How to Start Teaching Your Kids About Social Media

5 minute read

On May 9, the American Psychological Association (APA) released its first-ever guidelines for teen social-media use: a collection of 10 recommendations for kids, parents, platform creators, and lawmakers to heed for kids’ health online and offline. These include confining social-media use to about an hour before bedtime so as not to interfere with sleep and physical activity, tweaking social-media use and features to match kids’ ages and developmental capabilities, and minimizing exposure to online hate and risky behaviors like self-harm. (Read them all here.)

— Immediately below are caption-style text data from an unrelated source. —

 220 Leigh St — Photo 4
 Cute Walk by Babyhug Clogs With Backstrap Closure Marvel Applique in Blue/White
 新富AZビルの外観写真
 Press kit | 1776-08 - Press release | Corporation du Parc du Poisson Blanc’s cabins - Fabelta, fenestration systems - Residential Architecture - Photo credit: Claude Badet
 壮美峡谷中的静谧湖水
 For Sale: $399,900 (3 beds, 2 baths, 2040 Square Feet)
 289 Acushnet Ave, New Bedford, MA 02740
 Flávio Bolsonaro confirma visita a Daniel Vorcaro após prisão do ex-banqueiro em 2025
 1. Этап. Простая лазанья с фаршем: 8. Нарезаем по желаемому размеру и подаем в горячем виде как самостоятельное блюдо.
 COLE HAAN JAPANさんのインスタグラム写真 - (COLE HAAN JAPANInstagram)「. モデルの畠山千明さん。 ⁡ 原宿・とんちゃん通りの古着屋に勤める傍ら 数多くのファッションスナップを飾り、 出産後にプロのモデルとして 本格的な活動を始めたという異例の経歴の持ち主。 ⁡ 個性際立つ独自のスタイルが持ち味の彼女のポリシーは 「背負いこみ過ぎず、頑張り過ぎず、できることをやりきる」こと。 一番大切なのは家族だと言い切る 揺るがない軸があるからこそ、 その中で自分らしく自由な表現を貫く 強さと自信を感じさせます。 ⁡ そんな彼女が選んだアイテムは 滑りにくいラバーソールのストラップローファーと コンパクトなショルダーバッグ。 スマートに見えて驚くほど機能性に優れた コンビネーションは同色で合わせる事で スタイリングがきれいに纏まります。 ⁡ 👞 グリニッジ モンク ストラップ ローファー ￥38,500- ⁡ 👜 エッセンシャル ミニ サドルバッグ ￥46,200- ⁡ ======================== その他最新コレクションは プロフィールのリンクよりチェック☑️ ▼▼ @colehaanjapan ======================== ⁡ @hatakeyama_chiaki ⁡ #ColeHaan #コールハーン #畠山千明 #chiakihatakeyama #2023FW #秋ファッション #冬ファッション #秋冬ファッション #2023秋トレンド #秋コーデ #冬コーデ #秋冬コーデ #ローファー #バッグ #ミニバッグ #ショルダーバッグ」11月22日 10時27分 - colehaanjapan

Basic as they may seem, the guidelines offer solutions to a problem often characterized as unsolvable, says Don Grant, national advisor of healthy device management at Newport Healthcare and a former president of the APA’s Society for Media Psychology & Technology division. But “don’t lose sight of the fact that social media is a connector,” says Grant. With a few guardrails in place, social media doesn’t necessarily have to be destructive and addictive for young people.

Balancing a long list of guidelines while maintaining a child’s privacy may seem daunting for parents trying to do right by their teens, but there are a few easy strategies that can help families foster the types of online habits that will satisfy multiple guidelines at once.

Here’s how parents can help children create healthy social media habits.

Don’t make your kid go it alone

Be prepared to walk the walk. “You have to model the behavior that you would want to see in your kids,” says Grant. He recommends starting by talking about the values your whole family shares and how they can be best reflected online.

Another great way to get your teen to evaluate their relationship with social-media—and set new boundaries, if needed—is to get other parents and families on board, says Grant. It’s much harder for teens to commit to healthy behaviors and habits if they feel left out. “I tell parents, ’Don’t try to do this alone,’ Because your kid’s gonna say, ‘Why can’t I? Why are these rules [just] for me?’”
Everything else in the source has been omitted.